You can read an excerpt from Leaving Dublin here on the Amazon website. What follows in this post is a summary, chapter by chapter, of what else you can find in my book of memoirs. If it whets your appetite for more, you can order your copy (paperback or e-book) here.

Piano Lessons. You can read some of this on the Amazon website. My mother tells my father it’s more important for us to have a piano than a family car. The lessons pay off. At age 14, I land a paying gig as a church organist.

Boys Will be Boys. It’s Dublin in the 1950s, long before the Celtic Tiger roars. Life for us as kids is a carousel of playing in the lane, going to the movies, and eating french fries. Our parents teach us that a good education is the key to everything good in life.

Coming of Age. I get my first summer job away from home and learn about girls. I join the civil service and become bored stiff. My friend Michael Murphy and I talk about moving to another country.

Coming to Canada. We immigrate to Canada. Vancouver is our chosen destination. We have no plan. We just want to see if the grass is really greener.

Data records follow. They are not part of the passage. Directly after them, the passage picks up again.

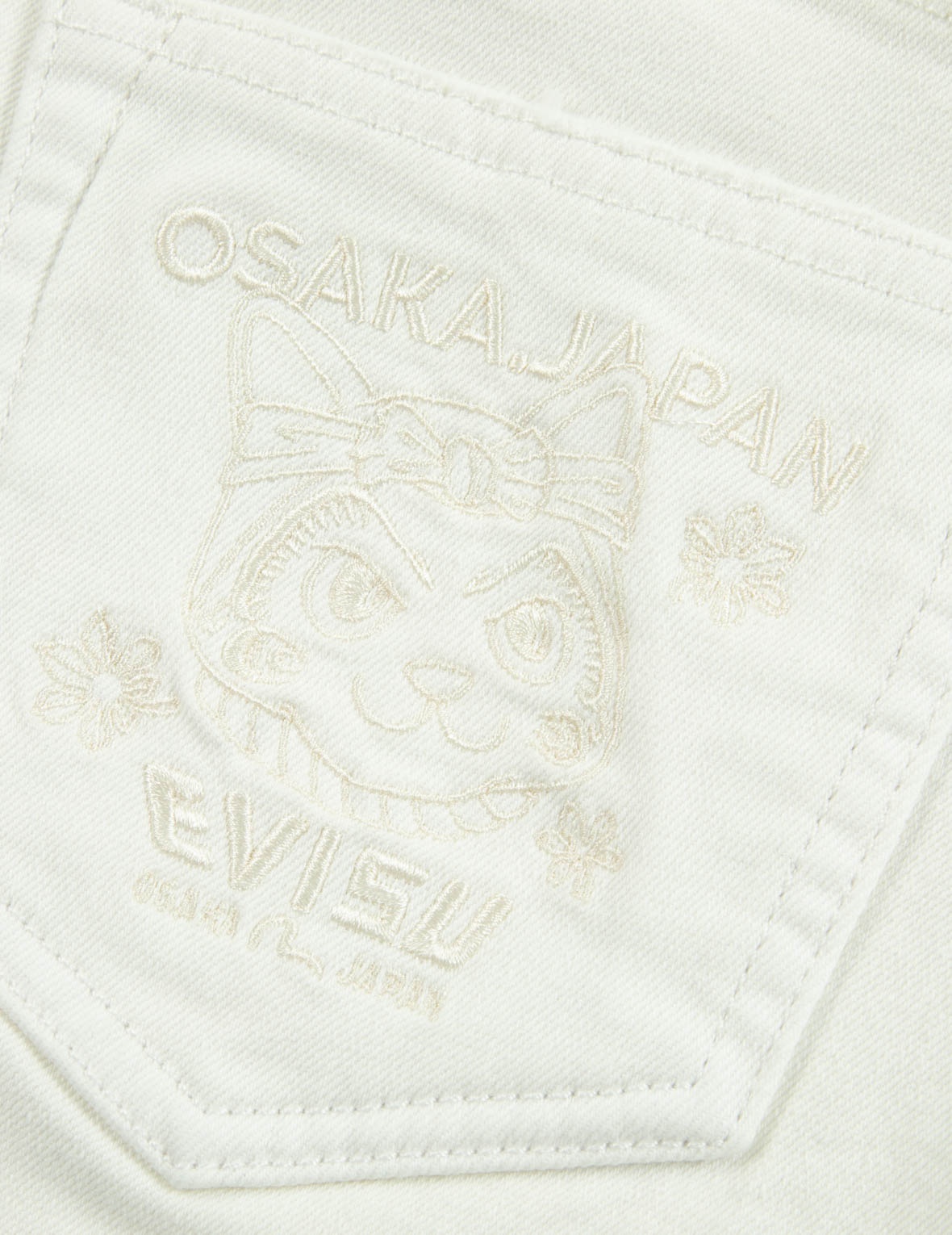 LUCKY CAT AND SEAGULL EMBROIDERY WHITE DENIM SHORTS - 12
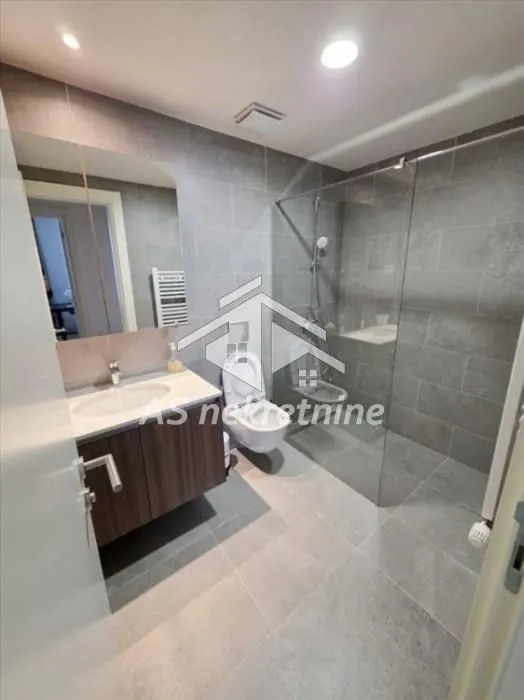 Izdavanje, trosoban stan, 86m², Savski Venac, Beograd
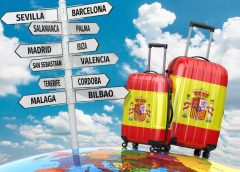 Turistas internacionales en España gastan un 89% de los niveles prepandemia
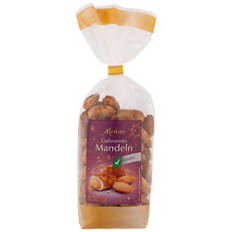 Assortiment de fruits à coque de Noël, amandes grillées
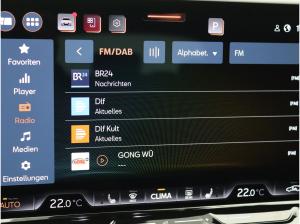 Cupra Leon ST 1.5 eTSI DSG / Navi, ParkAssi, LED, RFK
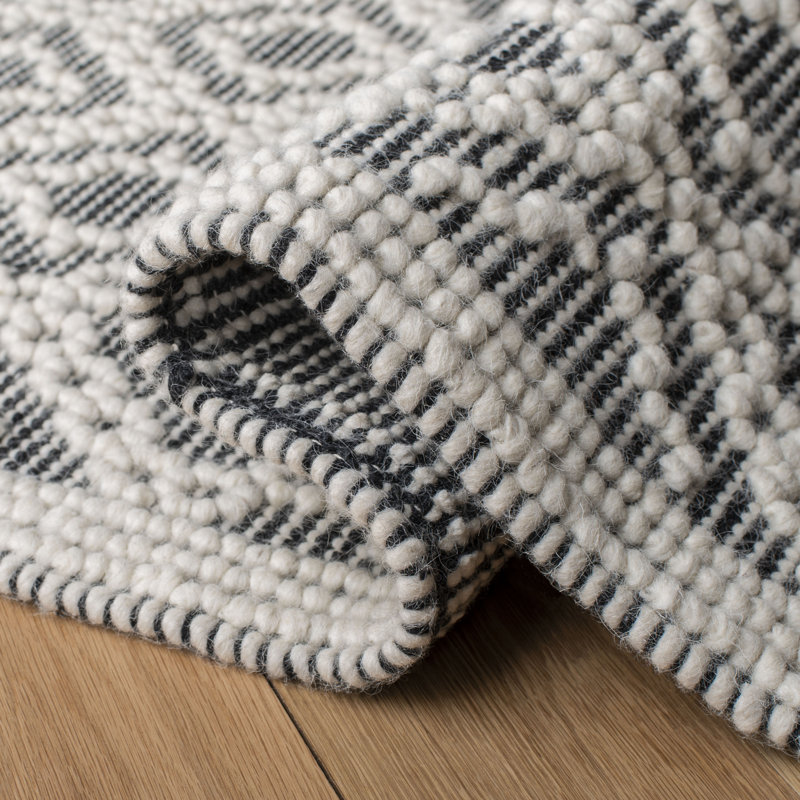 Nakita Natura Hand Woven Wool Geometric Rug, Rectangle 3' x 5'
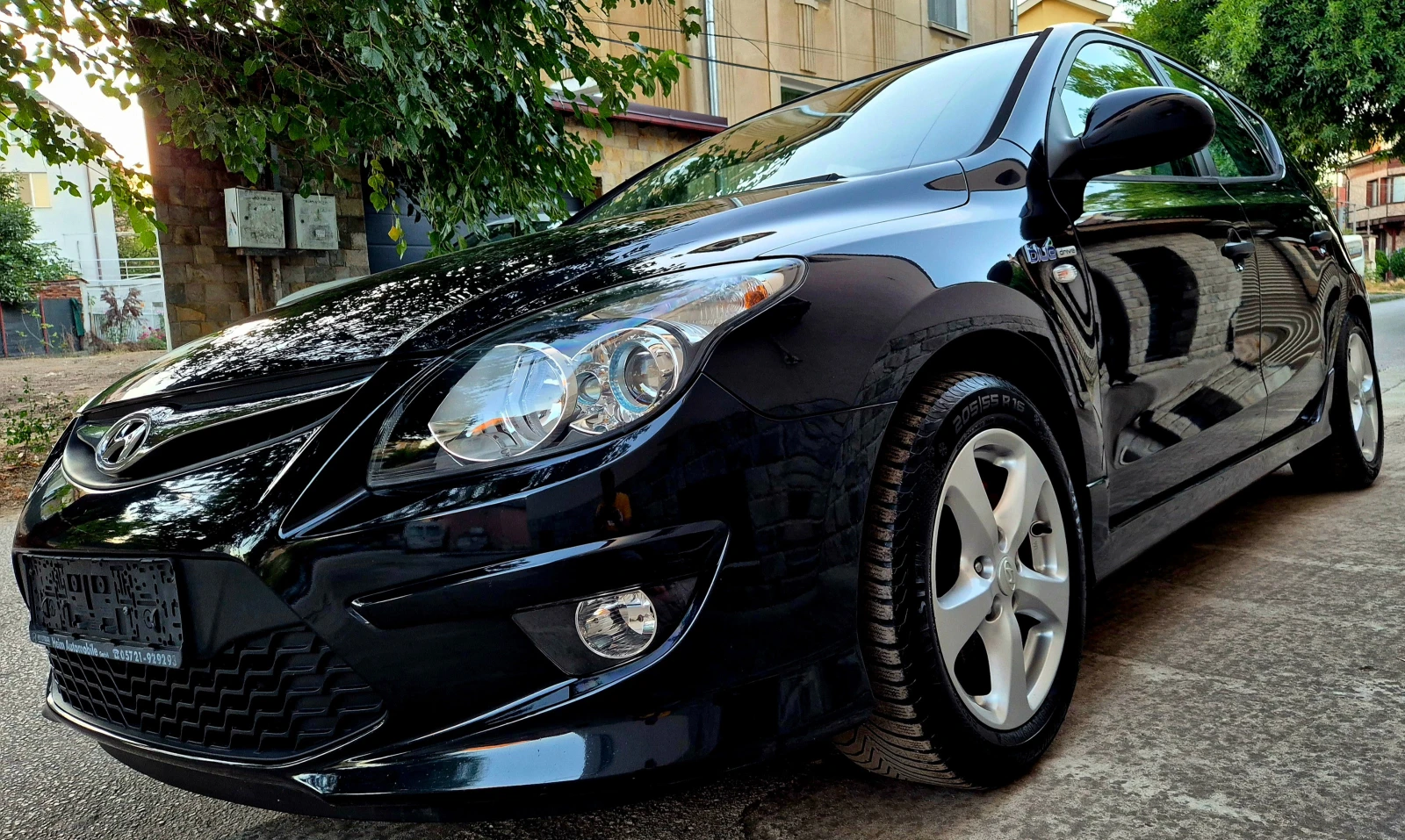 Hyundai I30 1.4i-FACE-LIFT-верига-FIFA EDITION , снимка 3 - Автомобили и джипове - 55955563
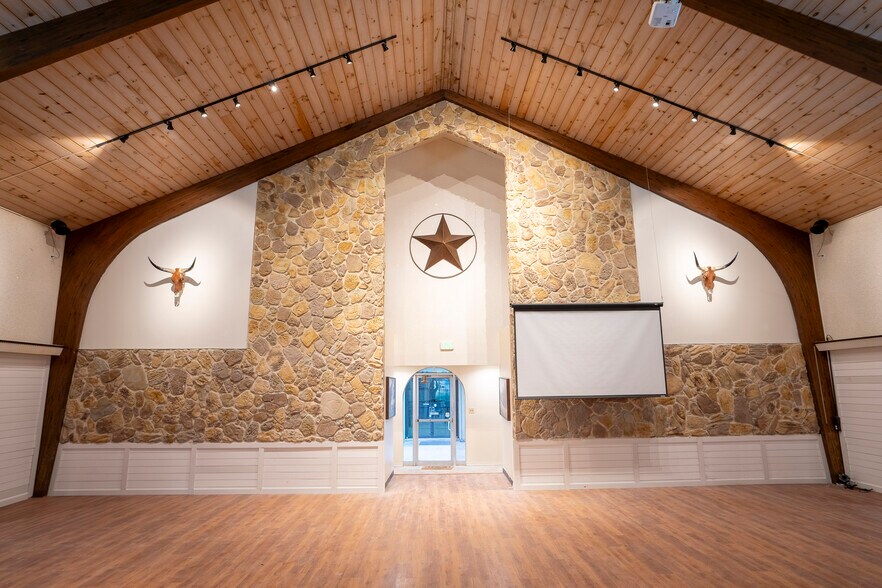 5232 East Fwy, Baytown, TX à louer - Photo intérieure - Image 1 de 13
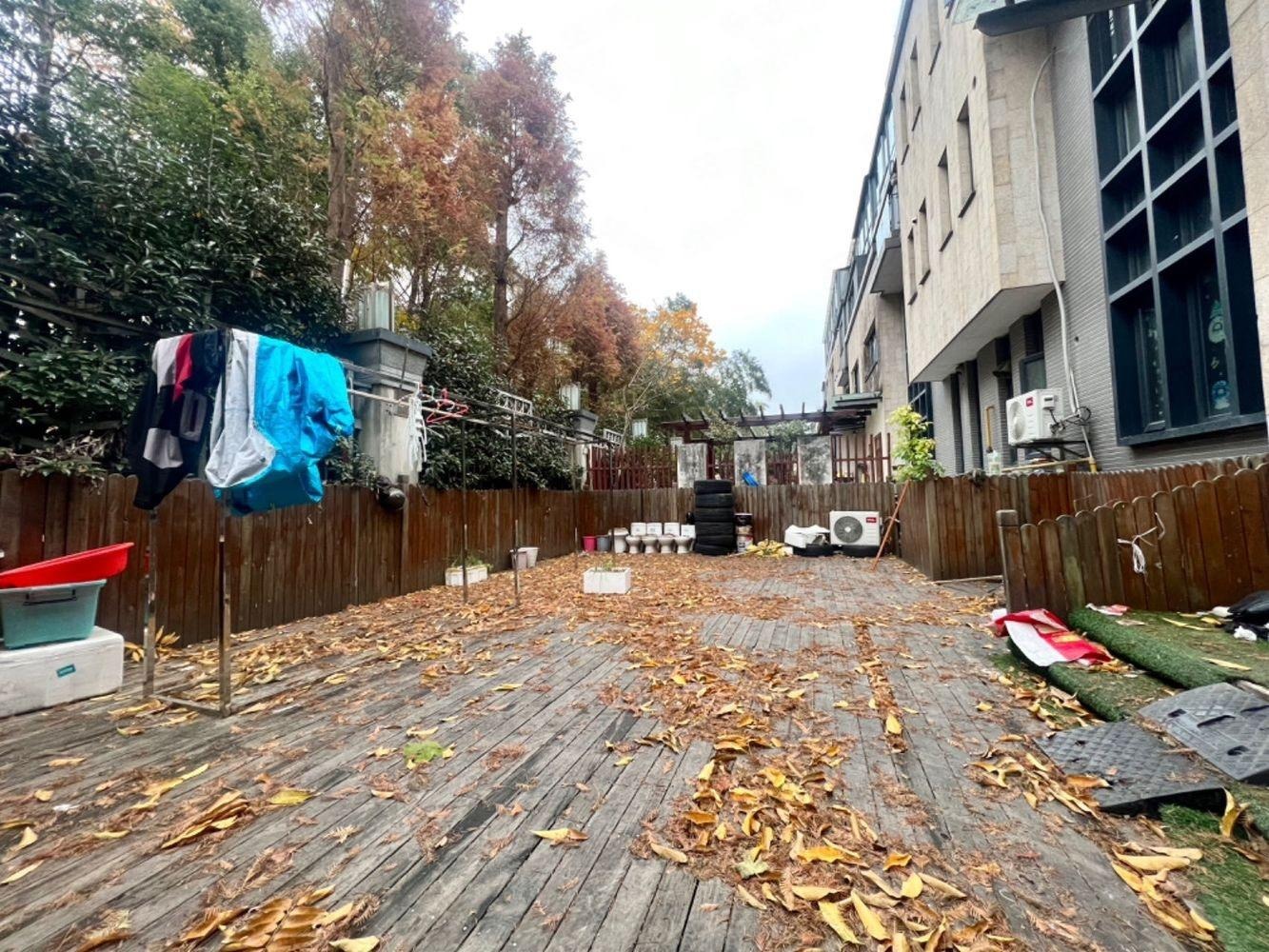 上海梧桐城邦(四期别墅)二手房房源图片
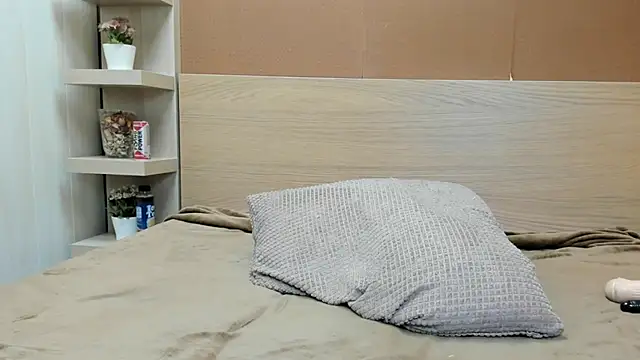 PinkyTwerkyX online show from 5, 6, 2026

Journey into Show Business. I join forces with an Irish tenor named Shay Duffin. We call ourselves the Dublin Rogues. We make records and tour the clubs and concert halls of eastern Canada. My mother wonders when I’m going to get a real job.

Journey into Journalism. I go to journalism school for two months. That’s good enough to land me a reporting job at the weekly newspaper in Smithers, British Columbia. My mother is relieved. Zelda and I get married and Nicole is born.

Nights on Air. We move to Prince George. I read the news on CJCI Radio. I quit to play piano in a local pizza parlour. My mother gets anxious again.

Give My Regards to Old Prince George. I join the daily Citizen as a reporter. My mother is happy that I’ve finally gotten the music thing out of my system. I cover city hall and write pop music reviews.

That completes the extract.